Continue to work your way up the stairs until you finally reach the next floor.
You are completely done... well, nearly...
You really ought to install a railing to keep people from falling off.
by: Dave Markel
About The Author
Dave Markel is the author of "The All Wood Working Journal". He has helped hundreds of individuals improve their wood working skills. Visit his site at http://all-wood-working-plans.com.
"Dave, Thanks for this info. I think it would be helpful if there were drawings or pictures of what you describe. If you made the stair that you are telling us how to make, you could take pictures of each of the steps that you describe, adding useful visual information. firstname.lastname@example.org"

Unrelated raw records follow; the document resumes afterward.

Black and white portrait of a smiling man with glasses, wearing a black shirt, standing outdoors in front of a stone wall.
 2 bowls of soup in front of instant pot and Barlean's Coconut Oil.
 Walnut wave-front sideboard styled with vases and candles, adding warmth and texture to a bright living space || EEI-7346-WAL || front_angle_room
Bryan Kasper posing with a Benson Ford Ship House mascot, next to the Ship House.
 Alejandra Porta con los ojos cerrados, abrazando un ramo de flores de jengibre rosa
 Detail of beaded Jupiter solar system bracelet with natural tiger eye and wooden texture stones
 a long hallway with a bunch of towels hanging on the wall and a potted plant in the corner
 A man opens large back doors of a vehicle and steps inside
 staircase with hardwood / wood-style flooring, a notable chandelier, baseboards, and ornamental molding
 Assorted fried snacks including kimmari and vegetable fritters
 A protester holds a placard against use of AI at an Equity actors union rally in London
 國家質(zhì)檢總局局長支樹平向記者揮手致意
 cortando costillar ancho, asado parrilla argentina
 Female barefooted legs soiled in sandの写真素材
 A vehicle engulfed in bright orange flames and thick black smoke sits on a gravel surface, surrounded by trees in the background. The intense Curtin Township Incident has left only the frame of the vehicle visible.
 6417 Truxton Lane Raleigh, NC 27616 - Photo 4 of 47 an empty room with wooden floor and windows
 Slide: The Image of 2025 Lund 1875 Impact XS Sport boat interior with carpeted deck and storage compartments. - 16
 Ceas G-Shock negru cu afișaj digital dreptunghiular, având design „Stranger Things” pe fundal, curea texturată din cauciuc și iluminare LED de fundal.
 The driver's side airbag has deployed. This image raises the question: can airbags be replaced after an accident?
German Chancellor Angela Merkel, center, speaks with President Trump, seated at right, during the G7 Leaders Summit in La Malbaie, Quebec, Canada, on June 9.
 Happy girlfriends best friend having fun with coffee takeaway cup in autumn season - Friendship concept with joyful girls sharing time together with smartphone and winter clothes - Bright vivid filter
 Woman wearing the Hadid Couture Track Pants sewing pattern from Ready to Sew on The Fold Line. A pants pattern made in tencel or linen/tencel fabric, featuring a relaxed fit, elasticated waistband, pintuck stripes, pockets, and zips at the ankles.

"What a great help it would be if you had a few illustrations."
"Your article does not say anything on how to layout the skirt board or mop board."
"if you had diagrams to go with would be even better but great job anyhow.thanks"
"Great descriptions, but without pictures they are meaningless. Also what for example are stringers, risers and treads ? "
"If you include some pictures of some of the completed stages it would certainly help the reader understand some of the steps. A picture is worth a thousand words."
"I think the example is a good one but it got me a little confusing when measuring the risers on the 2"x 12". If the first riser is 5-5/8 because of the step, then all the Risers will be 5-5/8."
"haha im an aprentise in a joinary shop straight flight staircases are quite easy but wen u go into winders and double winders tht the hard stuff if i was an average diyer i wouldnt even consider it dont waste your money get a pro to do it!"
"this article is priceless... thanks"
stair builder extrodonaire
"Building stairs is not as easy as you make it sound. If your your measurements are not accurate and you have a hard time cutting a straight line you could end up wasting lots of lumber. Without pictures to guide you through the process the average DIY will end up doing just that. I suggest the DIY'er go to a website with a free stair calculator with pictures. And if you can't cut straight or measure accurately, then don't bother."
"Brilliant article. Best laugh I've had in a long time...."
"Do you usually cut wood with a hacksaw!?!? Haha, thanks for the "expert advice". "
"Do you start at the top or bottom of the stringer"
"Nice that someone takes the time to pass on knowledge, however.... As a non builder, pictures are worth a thousand words! Especially when all the words are new to me!!!!!! "
"Good article but since you are UK based you should really use metric and not imperial. "
"Very good and correct, very useful"
"plain & simple, anymore info would confuse most beginners, if you can't figure out simple stairs after this lesson, don't bother trying, you'll never get it!!!"
"stairs look great. The stringers took a few minutes for me to see it but when i did they went right together. thanks Elmira NY USA"
"in response to the builder who dissed the advice, if you know so much then why are you reading this?? Carpenter/builders you are all over rated!! We built our own extension for a 10th of the price you people quoted and probably alot quicker and less messier. Thankyou to the author who tries to help the keen DIYer out, i will follow your instructions and get back on how useful i found you."
lil bunny boiler who hates builders!!!
"Far too confusing! Numbered drawings are a must with appropraite reference to them for each stage. 9/10 for effort but 3/10 for usefulness, sorry."
"Some drawings would of been usefull"
"if only things were this easy i'm a builder and found that just a sharp pencil and masking tape with a few other bits was pretty laughable and only hope no carpenter or joiners see this and feel pretty insulted i'd like to see the results of a DIY staircase"
"very, very good.it is very, very clear and the use of grade school langage is an added bonus. thanks for your help."